January 21, 2009 By: jaysays Category: Discrimination, LGBT News

My hope for enjoying the inauguration as an American and citizen of the world was lost when, openly gay Bishop Gene Robinson’s invocation was not aired due to a “misunderstanding” between HBO and the Obama administration.  The Obama inauguration committee apparently “mistakenly” advised HBO (the network with exclusive broadcast rights) that this very politically charged invocation by Robinson which was seen by many as Obama’s effort to include the gay community, was part of the pre-show and should not air.  I was sick.  I kept imagining how such a mistake could be made in the spirit of inclusion.  Tuesday came and, having took the day off work for the inauguration, I sat myself in front of the TV to watch the event and hope for some sort of “apology” and recognition of all of us as part of this country.  Instead, what I received was a message of equality and diversity, in Black and White.

By now you’ve all heard the controversy regarding Rick Warren’s invitation to deliver the invocation at the Presidential Inauguration.  Many LGBT activists and their allies called the Obama administration out on his invitation to Warren.  Warren, who compared gay marriage to pedophilia, incest and polygamy, did deliver the invocation.  In true religious hypocracy, he said:

Help us, oh God, to remember that we are Americans. United not by race or religion or by blood, but to our commitment to freedom and justice for all. When we focus on ourselves, when we fight each other, when we forget you, forgive us.

When we presume that our greatness and our prosperity is ours alone, forgive us. When we fail to treat our fellow human beings and all the earth with the respect that they deserve, forgive us. And as we face these difficult days ahead, may we have a new birth of clarity in our aims, responsibility in our actions, humility in our approaches and civility in our attitudes—even when we differ.

I died a little inside and the inauguration – what was supposed to be the greatest moment in my life as it relates to the greatness of the United States was now nothing but meaningless sidebar.  Warren, asking God to forgive when “we fail to treat our fellow human beings… with the respect that they deserve…” while he continually fails to treat a large segment of human beings with ANY respect, reminded me of the man who beats the hell out of his wife every night only to apologize the next morning – over and over again.  Stop asking God to forgive you for your wrongs Mr. Warren and start doing something to earn forgiveness from those you are holding under the water.

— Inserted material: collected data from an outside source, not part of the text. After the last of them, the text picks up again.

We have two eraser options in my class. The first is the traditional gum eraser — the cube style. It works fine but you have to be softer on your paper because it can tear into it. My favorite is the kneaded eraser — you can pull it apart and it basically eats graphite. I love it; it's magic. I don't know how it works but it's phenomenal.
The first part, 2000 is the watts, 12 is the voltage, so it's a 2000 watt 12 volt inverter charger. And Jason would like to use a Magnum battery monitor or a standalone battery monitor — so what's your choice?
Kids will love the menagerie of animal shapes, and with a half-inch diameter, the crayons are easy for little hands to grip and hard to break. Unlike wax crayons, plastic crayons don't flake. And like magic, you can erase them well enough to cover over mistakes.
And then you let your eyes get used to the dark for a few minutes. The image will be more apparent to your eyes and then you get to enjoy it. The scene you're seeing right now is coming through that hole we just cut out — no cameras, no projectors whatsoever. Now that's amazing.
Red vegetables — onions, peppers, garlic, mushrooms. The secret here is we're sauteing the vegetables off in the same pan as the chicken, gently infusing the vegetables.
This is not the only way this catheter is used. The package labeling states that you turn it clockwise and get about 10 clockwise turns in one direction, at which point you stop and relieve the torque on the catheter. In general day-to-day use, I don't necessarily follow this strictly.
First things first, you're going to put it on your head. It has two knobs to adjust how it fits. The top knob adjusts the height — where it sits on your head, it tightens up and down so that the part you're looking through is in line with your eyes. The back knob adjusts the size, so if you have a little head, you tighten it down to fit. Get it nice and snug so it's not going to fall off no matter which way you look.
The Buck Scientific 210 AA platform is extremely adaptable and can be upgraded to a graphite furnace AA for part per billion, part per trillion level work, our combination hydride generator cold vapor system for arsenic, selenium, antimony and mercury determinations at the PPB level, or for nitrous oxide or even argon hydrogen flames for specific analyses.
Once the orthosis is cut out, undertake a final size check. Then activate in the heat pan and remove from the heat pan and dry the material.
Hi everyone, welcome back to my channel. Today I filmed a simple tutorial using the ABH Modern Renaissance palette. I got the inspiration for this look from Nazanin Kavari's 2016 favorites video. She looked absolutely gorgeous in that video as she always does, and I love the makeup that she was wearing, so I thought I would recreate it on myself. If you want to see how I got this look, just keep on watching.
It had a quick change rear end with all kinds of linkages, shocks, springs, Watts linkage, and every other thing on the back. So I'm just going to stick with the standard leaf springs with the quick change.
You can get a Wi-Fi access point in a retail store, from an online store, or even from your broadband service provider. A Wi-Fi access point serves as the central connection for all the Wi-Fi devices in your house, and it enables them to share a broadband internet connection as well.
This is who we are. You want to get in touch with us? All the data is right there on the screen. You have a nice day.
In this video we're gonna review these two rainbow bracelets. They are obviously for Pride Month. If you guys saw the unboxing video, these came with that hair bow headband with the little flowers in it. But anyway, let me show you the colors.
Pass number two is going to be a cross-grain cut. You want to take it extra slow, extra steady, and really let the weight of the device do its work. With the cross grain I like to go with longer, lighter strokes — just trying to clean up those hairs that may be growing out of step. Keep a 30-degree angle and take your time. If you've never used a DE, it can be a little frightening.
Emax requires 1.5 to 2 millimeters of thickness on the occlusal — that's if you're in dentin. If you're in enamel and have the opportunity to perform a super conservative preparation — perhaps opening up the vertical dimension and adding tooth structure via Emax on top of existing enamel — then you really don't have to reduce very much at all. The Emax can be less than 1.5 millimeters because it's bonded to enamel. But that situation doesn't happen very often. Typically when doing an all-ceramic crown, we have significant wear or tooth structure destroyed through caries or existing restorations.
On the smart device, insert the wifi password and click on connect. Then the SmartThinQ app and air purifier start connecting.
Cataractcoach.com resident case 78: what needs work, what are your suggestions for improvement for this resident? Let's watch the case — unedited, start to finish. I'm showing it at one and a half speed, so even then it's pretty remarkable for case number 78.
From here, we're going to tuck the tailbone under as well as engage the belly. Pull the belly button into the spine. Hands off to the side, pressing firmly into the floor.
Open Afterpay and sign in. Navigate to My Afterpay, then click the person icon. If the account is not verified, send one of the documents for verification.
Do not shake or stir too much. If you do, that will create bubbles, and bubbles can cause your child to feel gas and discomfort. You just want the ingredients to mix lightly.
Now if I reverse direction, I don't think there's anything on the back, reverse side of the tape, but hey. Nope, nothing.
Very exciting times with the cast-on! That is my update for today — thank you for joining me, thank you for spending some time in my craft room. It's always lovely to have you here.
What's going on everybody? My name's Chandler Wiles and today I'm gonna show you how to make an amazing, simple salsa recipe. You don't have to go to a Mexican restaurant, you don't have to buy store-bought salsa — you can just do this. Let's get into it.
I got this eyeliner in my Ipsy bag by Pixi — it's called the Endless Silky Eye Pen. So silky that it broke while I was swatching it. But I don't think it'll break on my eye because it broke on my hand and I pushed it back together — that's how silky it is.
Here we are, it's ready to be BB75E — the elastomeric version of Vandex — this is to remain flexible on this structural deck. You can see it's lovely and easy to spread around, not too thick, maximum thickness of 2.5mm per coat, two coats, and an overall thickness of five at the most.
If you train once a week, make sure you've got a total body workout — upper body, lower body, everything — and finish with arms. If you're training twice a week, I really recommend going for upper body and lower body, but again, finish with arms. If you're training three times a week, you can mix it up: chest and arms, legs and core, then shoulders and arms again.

I then spent the remainder of the inauguration thinking too much about how the statement “equality for all” was met with such great applause – how comments about the end of discrimination and segregation were met with such great fanfare – yet people are still suffering under the foot of those that rule.  We build a wall against the Latinos, we profile the migrant worker, we bash gays and lesbians and disenfranchise our transgendered brothers and sisters – all the while we celebrate our great victory in the civil rights movement, a movement which is now being defined as “black and white” rather than “we the people.”

The following is what you didn’t see:

What I’ve Learned Thus Far – The Nationwide DOMA Protest (cont.)

January 12, 2009 By: jaysays Category: Community Outreach, LGBT Action Alerts

After my last  post describing my adventures in downtown San Antonio while attempting to gather signatures to the Open Letter to Obama, I took to the streets again.  It was about 10:30 p.m. when I, along with three others, pulled into the parking lot near a local gay bar.  The crowds were coming at full force and we could have used several more people to try to obtain everyone’s signatures.  It was windy and cold, but our reception was warm and tender… for the most part.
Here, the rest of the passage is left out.